Do tej, jak i do wszystkich następnych zasad, zastosuj przesłankę: Zauważ i
rozpoznaj głos nieprzyjaciela, zauważ i rozpoznaj także głos Boga, aby odrzucić
głos nieprzyjaciela, a przyjąć głos Boga.
Teksty biblijne:
Rdz 3: ukazuje mechanizm zła jako pozornego dobra oraz następujące wyrzuty
sumienia.
~3~
2 Sm 11,1n: Dawid, uwiedziony pięknem Batszeby, dopuścił się cudzołóstwa,
tchórzostwa i zabójstwa.
2 Sm 12,1nn: Natan odkrywa Dawidowi zło jako takie.
2 Kor 7,8-10: Paweł przeciwstawia smutek pochodzący od Boga smutkowi, który
pochodzi od nieprzyjaciela.
Uwagi praktyczne:
Czy pogrążam się w złu? Co o tym świadczy?
- Wszyscy widzą maje złe zachowanie tylko nie ja. Mam zamknięte oczy na swoje
życie.
- Ci, którzy próbują mi zwracać uwagę są traktowanie ja wrogowie, którzy uwzięli
się na mnie. Ja mam swoją własną, zamkniętą grupę ludzi, którzy mi dobrze życzą,
nie robą żadnych wymówek i tylko ich zadanie jest dla mnie ważne.
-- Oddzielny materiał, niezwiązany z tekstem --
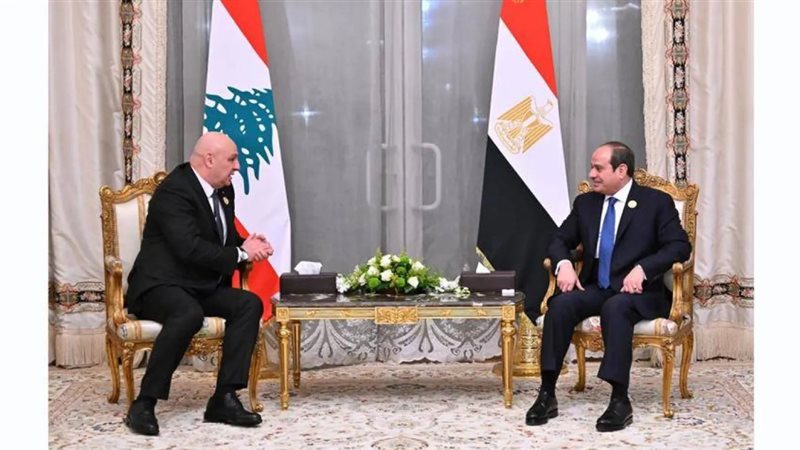 السيسي يستقبل الرئيس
- Czynienie zła przychodzi mi z wielką łatwością. Nie mam żadnych wewnętrznych
blokad, aby się od niego odizolować.
- Na każde zło mam jakieś konkretne i szybkie wytłumaczenie. Nie biorę żadnej
odpowiedzialności za moje życie, słowa i zachowanie. Jeśli już nie potrafię czegoś
sobie usprawiedliwić, to najczęściej tłumaczę sobie, że to inni doprowadzili do
mojego upadku czy jakieś tragedii.
- Unikam życia sakramentalnego. Eucharystia i Spowiedź są suchymi praktykami,
których już nie rozumiem. Jeśli coś jeszcze mnie motywuje do okazyjnego
przystępowania do sakramentów, to jedynie pewna tradycja bądź bezrozumne
przestrzeganie przepisów kościelnych. Przestrzeganie przepisów ma mi dać spokój
sumienia, że jeszcze „wierzę w Pana Boga”.